**Supplied data**
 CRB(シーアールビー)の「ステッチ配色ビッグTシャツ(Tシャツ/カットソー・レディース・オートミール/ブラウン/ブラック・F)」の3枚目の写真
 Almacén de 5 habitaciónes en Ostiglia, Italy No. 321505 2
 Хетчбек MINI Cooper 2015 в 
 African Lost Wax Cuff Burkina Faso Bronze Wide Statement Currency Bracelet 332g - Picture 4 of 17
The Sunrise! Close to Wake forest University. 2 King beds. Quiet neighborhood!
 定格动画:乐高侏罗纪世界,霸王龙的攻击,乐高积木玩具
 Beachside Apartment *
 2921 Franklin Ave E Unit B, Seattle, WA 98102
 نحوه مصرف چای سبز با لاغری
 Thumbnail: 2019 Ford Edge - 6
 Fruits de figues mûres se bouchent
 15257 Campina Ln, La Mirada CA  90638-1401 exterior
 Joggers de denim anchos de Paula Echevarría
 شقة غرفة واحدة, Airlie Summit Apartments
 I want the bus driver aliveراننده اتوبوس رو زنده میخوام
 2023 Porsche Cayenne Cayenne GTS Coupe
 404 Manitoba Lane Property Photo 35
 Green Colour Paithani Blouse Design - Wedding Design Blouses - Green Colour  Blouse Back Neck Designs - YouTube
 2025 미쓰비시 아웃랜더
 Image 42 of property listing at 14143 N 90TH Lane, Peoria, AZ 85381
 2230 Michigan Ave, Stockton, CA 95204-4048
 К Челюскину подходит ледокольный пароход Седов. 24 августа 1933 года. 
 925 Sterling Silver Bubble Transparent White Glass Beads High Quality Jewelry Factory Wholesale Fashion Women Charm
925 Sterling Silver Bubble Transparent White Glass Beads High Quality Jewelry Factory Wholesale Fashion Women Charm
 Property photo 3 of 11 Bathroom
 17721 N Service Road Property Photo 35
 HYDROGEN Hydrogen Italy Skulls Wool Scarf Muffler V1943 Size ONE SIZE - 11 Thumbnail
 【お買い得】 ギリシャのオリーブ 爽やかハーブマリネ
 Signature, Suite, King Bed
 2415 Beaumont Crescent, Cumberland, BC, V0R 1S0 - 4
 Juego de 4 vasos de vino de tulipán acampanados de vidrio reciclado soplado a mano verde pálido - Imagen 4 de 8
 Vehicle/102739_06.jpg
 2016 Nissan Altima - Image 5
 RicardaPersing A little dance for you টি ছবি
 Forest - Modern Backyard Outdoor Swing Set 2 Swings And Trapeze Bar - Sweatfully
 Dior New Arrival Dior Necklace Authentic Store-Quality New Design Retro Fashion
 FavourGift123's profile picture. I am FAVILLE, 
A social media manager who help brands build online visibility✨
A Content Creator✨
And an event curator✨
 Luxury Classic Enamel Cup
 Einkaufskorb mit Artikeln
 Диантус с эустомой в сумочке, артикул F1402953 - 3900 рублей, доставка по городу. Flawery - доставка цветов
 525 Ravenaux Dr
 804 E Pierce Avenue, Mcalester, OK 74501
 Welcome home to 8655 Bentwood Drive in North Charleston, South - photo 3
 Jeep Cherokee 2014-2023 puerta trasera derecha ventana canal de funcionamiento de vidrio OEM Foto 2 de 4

**Task objective**
Output the listing above without altering a single character.

**Answer box**
 CRB(シーアールビー)の「ステッチ配色ビッグTシャツ(Tシャツ/カットソー・レディース・オートミール/ブラウン/ブラック・F)」の3枚目の写真
 Almacén de 5 habitaciónes en Ostiglia, Italy No. 321505 2
 Хетчбек MINI Cooper 2015 в 
 African Lost Wax Cuff Burkina Faso Bronze Wide Statement Currency Bracelet 332g - Picture 4 of 17
The Sunrise! Close to Wake forest University. 2 King beds. Quiet neighborhood!
 定格动画:乐高侏罗纪世界,霸王龙的攻击,乐高积木玩具
 Beachside Apartment *
 2921 Franklin Ave E Unit B, Seattle, WA 98102
 نحوه مصرف چای سبز با لاغری
 Thumbnail: 2019 Ford Edge - 6
 Fruits de figues mûres se bouchent
 15257 Campina Ln, La Mirada CA  90638-1401 exterior
 Joggers de denim anchos de Paula Echevarría
 شقة غرفة واحدة, Airlie Summit Apartments
 I want the bus driver aliveراننده اتوبوس رو زنده میخوام
 2023 Porsche Cayenne Cayenne GTS Coupe
 404 Manitoba Lane Property Photo 35
 Green Colour Paithani Blouse Design - Wedding Design Blouses - Green Colour  Blouse Back Neck Designs - YouTube
 2025 미쓰비시 아웃랜더
 Image 42 of property listing at 14143 N 90TH Lane, Peoria, AZ 85381
 2230 Michigan Ave, Stockton, CA 95204-4048
 К Челюскину подходит ледокольный пароход Седов. 24 августа 1933 года. 
 925 Sterling Silver Bubble Transparent White Glass Beads High Quality Jewelry Factory Wholesale Fashion Women Charm
925 Sterling Silver Bubble Transparent White Glass Beads High Quality Jewelry Factory Wholesale Fashion Women Charm
 Property photo 3 of 11 Bathroom
 17721 N Service Road Property Photo 35
 HYDROGEN Hydrogen Italy Skulls Wool Scarf Muffler V1943 Size ONE SIZE - 11 Thumbnail
 【お買い得】 ギリシャのオリーブ 爽やかハーブマリネ
 Signature, Suite, King Bed
 2415 Beaumont Crescent, Cumberland, BC, V0R 1S0 - 4
 Juego de 4 vasos de vino de tulipán acampanados de vidrio reciclado soplado a mano verde pálido - Imagen 4 de 8
 Vehicle/102739_06.jpg
 2016 Nissan Altima - Image 5
 RicardaPersing A little dance for you টি ছবি
 Forest - Modern Backyard Outdoor Swing Set 2 Swings And Trapeze Bar - Sweatfully
 Dior New Arrival Dior Necklace Authentic Store-Quality New Design Retro Fashion
 FavourGift123's profile picture. I am FAVILLE, 
A social media manager who help brands build online visibility✨
A Content Creator✨
And an event curator✨
 Luxury Classic Enamel Cup
 Einkaufskorb mit Artikeln
 Диантус с эустомой в сумочке, артикул F1402953 - 3900 рублей, доставка по городу. Flawery - доставка цветов
 525 Ravenaux Dr
 804 E Pierce Avenue, Mcalester, OK 74501
 Welcome home to 8655 Bentwood Drive in North Charleston, South - photo 3
 Jeep Cherokee 2014-2023 puerta trasera derecha ventana canal de funcionamiento de vidrio OEM Foto 2 de 4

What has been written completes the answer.